*** Opening of GIVEN DATA ***
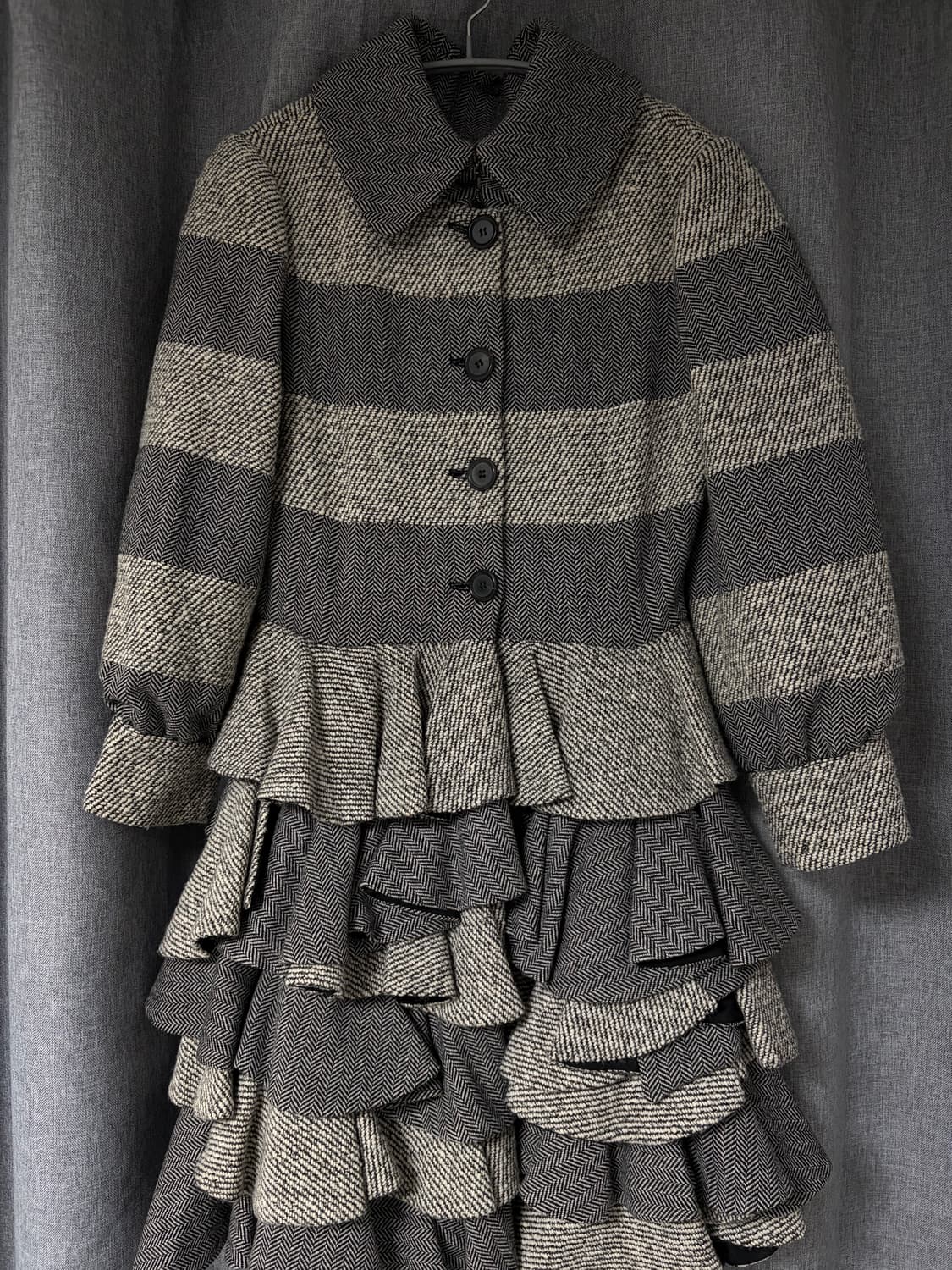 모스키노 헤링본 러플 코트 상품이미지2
*** Close of GIVEN DATA ***
*** Opening of GIVEN DATA ***
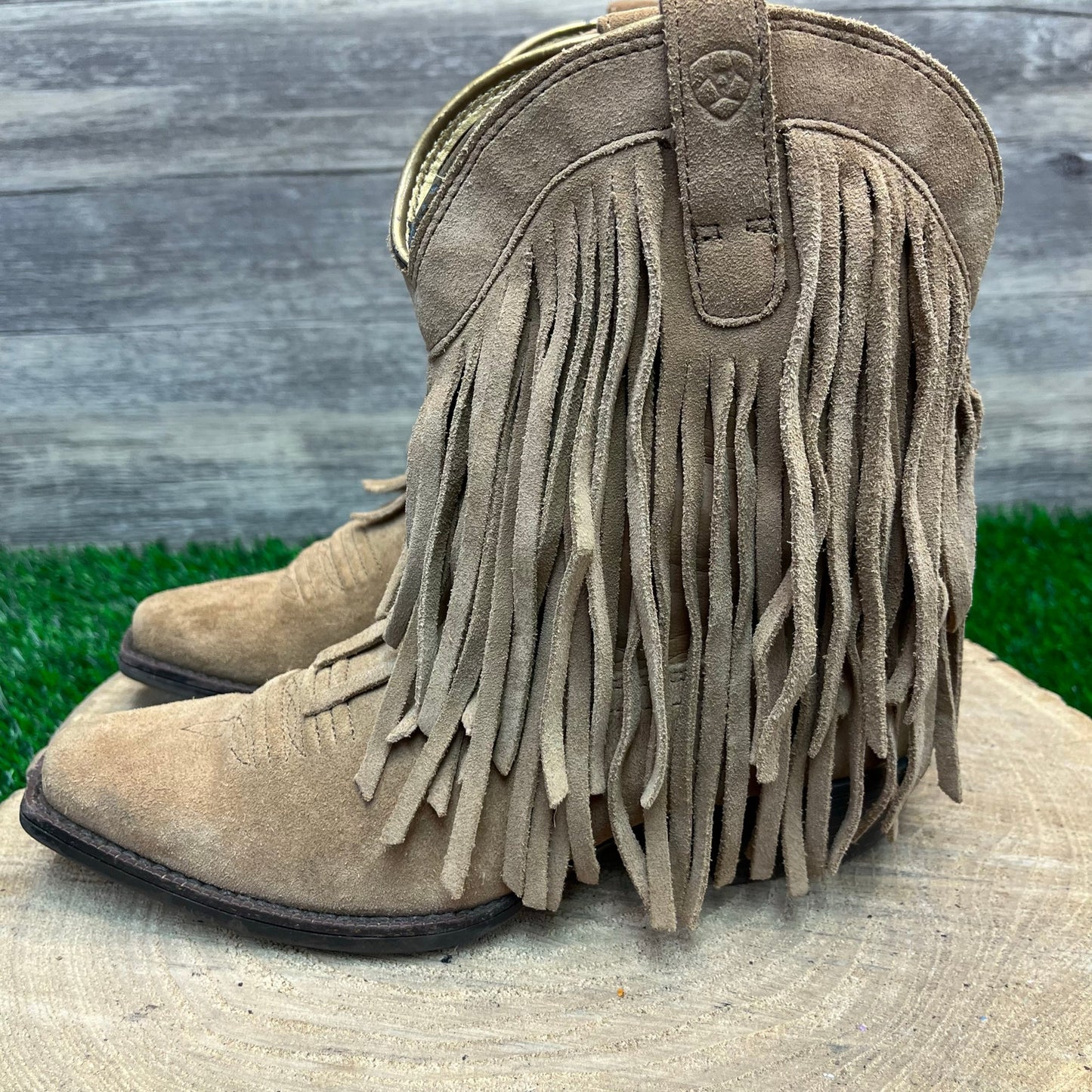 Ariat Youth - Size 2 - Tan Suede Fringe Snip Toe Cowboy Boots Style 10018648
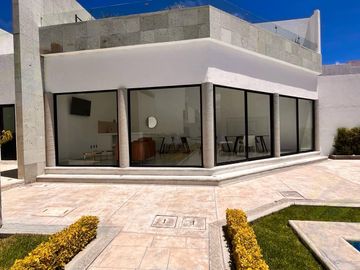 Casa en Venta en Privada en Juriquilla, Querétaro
*** Close of GIVEN DATA ***
*** Opening of GIVEN DATA ***
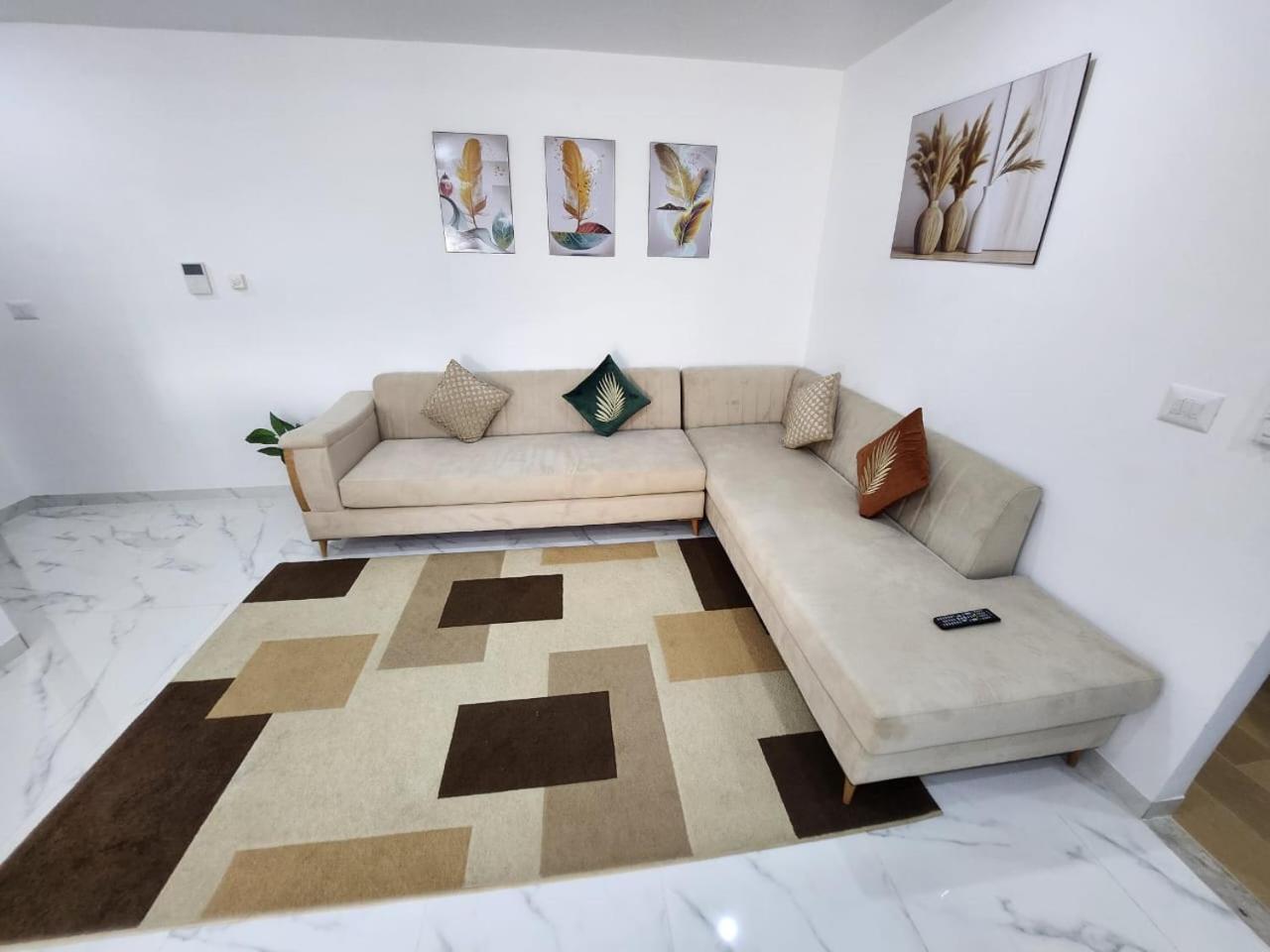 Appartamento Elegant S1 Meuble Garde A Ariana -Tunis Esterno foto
*** Close of GIVEN DATA ***
* _WHAT YOU ARE ASKED TO DO_:
Exactly reproduce the lines above, starting at the one that contains "Ariat Youth - Size" and ending at the one that contains "Casa en Venta", both inclusive; leave the pictures out and add no other lines.

* _RESULT_:
 Ariat Youth - Size 2 - Tan Suede Fringe Snip Toe Cowboy Boots Style 10018648
 Casa en Venta en Privada en Juriquilla, Querétaro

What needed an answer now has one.